- [Task details]: Each line from the one with "Как слить воду" through the last line below must be written out exactly. Do not copy pictures.

*** Source material ***

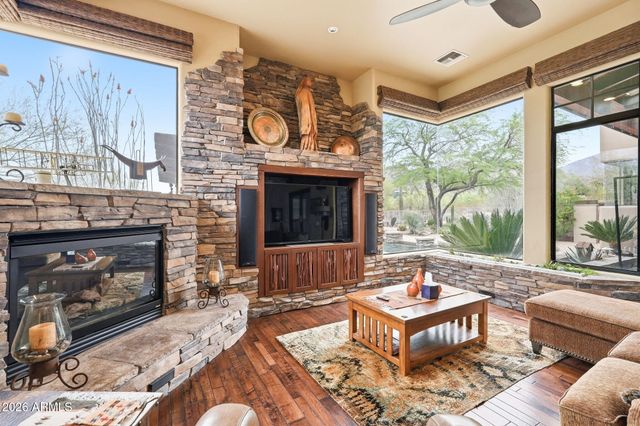 5438 E PRICKLEY PEAR Road, Cave Creek, AZ 85331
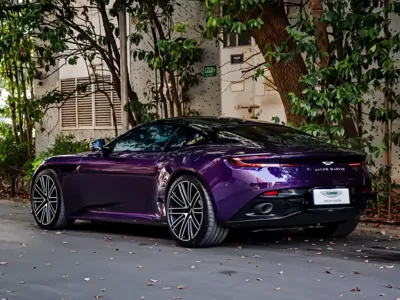 Aston Martin DB12 2024, 2300 км, за 2658000 CNY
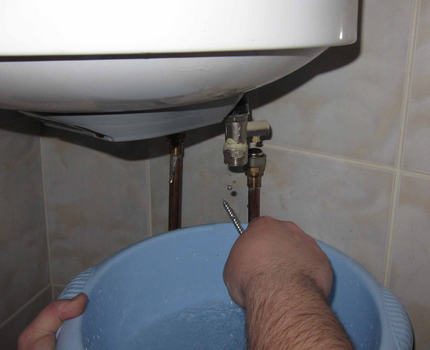 Как слить воду с водонагревателя раздичным способами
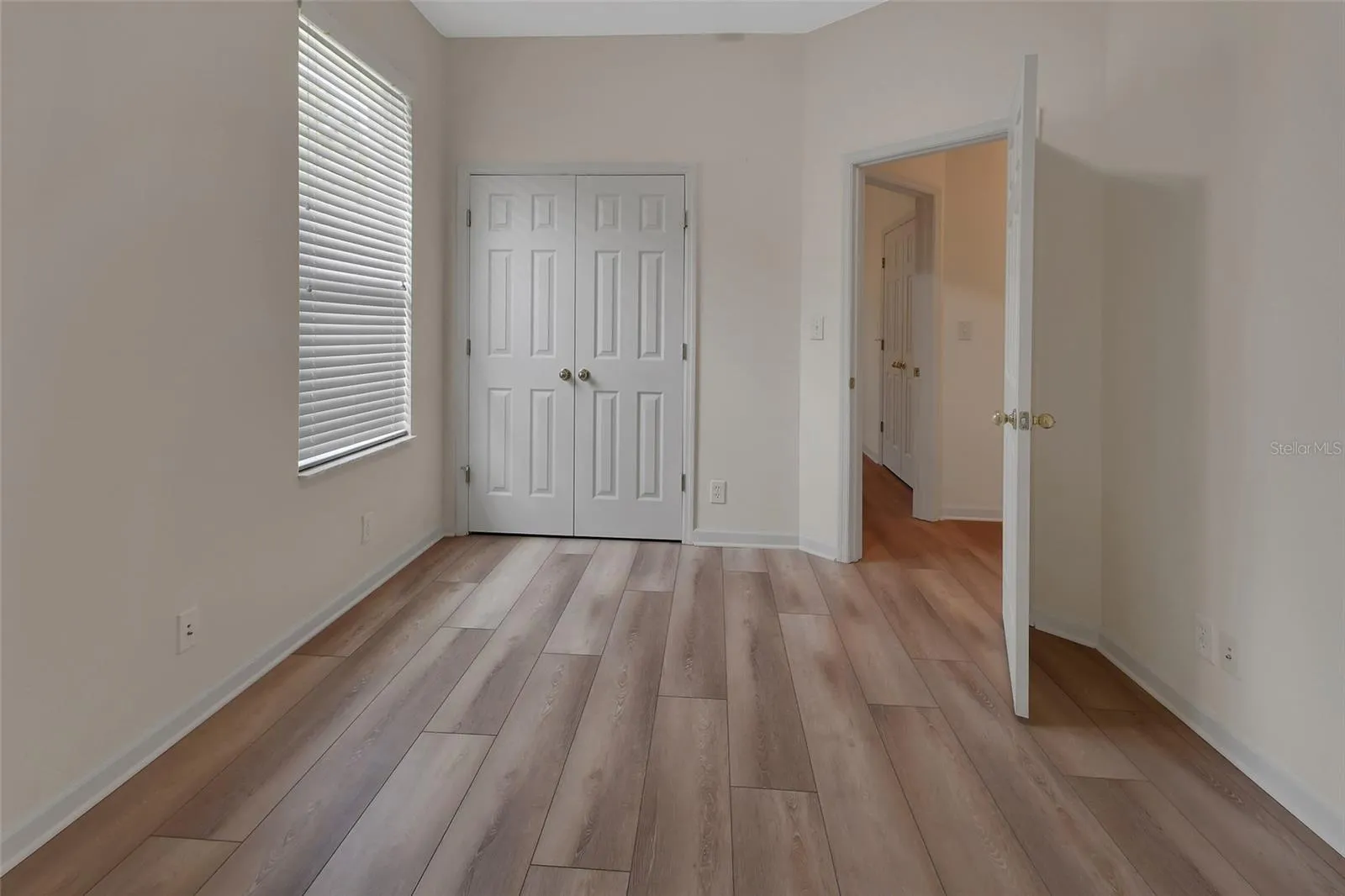 FLEX ROOM off of primary bedroom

*** End of Source material ***

- [Task result]:
 Как слить воду с водонагревателя раздичным способами
 FLEX ROOM off of primary bedroom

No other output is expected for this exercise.